"We know there is tremendous violence and vulnerability associated with prostitution. Prostitutes are predominately victims.
"They have very much in some cases run out of options before entering this particular pursuit and with that in mind, our focus is going to be on protecting the vulnerable," said MacKay, speaking to reporters Monday outside an event marking National Victims of Crime Awareness Week.
Canada's top court struck down three prostitution laws in December and gave the federal government one year to draft something new.
Since then, the Department of Justice launched and completed online consultations with the public. It also asked Canadian police for input. CBC News has reported that, even among Canada's chiefs of police, there is little consensus on how to regulate the sex trade.
"There's an enormous range of opinion and that has again been instructive in trying to find the right balance. We are very much tasked with threading a needle here," said MacKay Monday.
MacKay added that his department has examined several regulatory regimes outside Canada, including the so-called Nordic model, which has been touted by many groups.
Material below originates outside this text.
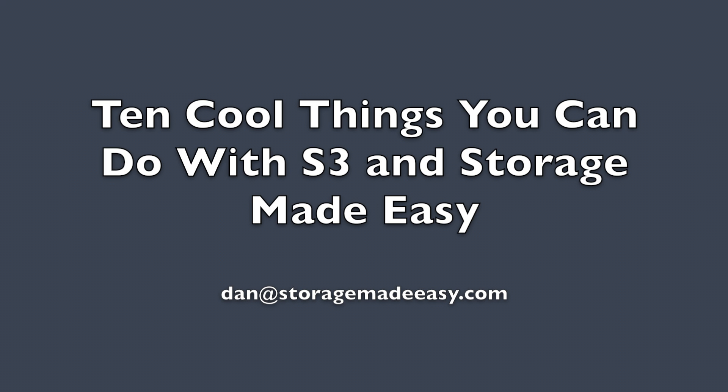Hi, I'm Dan from Storage Made Easy, and I want to show you some of the cool things you can do when you put our enterprise file fabric in front of Amazon S3.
In Sweden, Iceland and Norway, selling sex is legal but purchasing it is not. Police in those jurisdictions focus their attention on the activities of pimps and johns.
But MacKay described the forthcoming bill as a uniquely Canadian solution.
"There is no simple answer to a question as complex as prostitution.
"Suffice it to say that we are focusing - and will be focusing in this legislation - on not only acting in the best interests of the vulnerable and Canadians, but also there will need to be support mechanisms outside the legislation in order to help people to transition out of the sex trade," MacKay said.